Trustworthy AI and Agent Systems

Why this matters now

The 2025 Stanford AI Index reported that responsible-AI evaluation remains uneven even as documented incidents continue to accumulate. At the same time, NIST's February 2026 AI Agent Standards Initiative, draft benchmark guidance for language-model evaluation, and ongoing ARIA field-testing work all point in the same direction: the next serious step is comparable, operationally meaningful evaluation.

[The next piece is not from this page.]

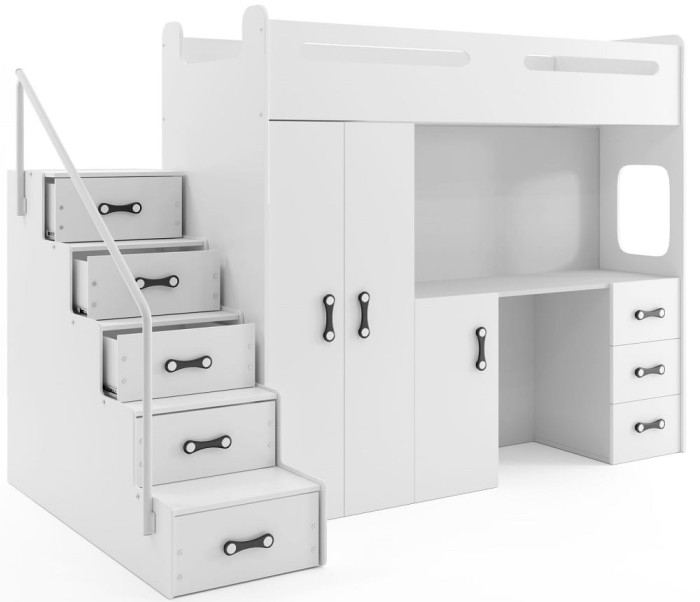 Weißes Multifunktions-Hochbett mit Treppenschubladen, Kleiderschrank und Schreibtisch.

My view is that agent progress is now gated less by raw fluency and more by control surfaces such as permissions, observability, interoperability, and human escalation.

Current priorities

Move evaluation from one-shot benchmark wins to repeated-run performance, variance, recovery behavior, and policy adherence.
Treat traceability as a product feature: tool calls, retrieved evidence, approval checkpoints, and rollback points should be reviewable without exposing unnecessary chain-of-thought.
Design bounded autonomy with explicit scopes for read, write, execute, and external communication actions.
Measure trust calibration, not just model confidence, so humans can decide when to rely on the system and when to slow it down.

System design principles

Bounded autonomy

Give agents explicit task scopes, tool budgets, and approval gates instead of vague permission to 'go solve it'.

Inspectable state

Persist the plan, retrieved context, tool outputs, and meaningful diffs so reviewers can reconstruct what happened quickly.

Graceful handoff

Escalation should preserve context and evidence rather than forcing a human to restart the task from scratch.

Comparative evaluation

Compare agents against strong non-agent baselines, mixed-initiative workflows, and failure-handling variants instead of weaker prompts alone.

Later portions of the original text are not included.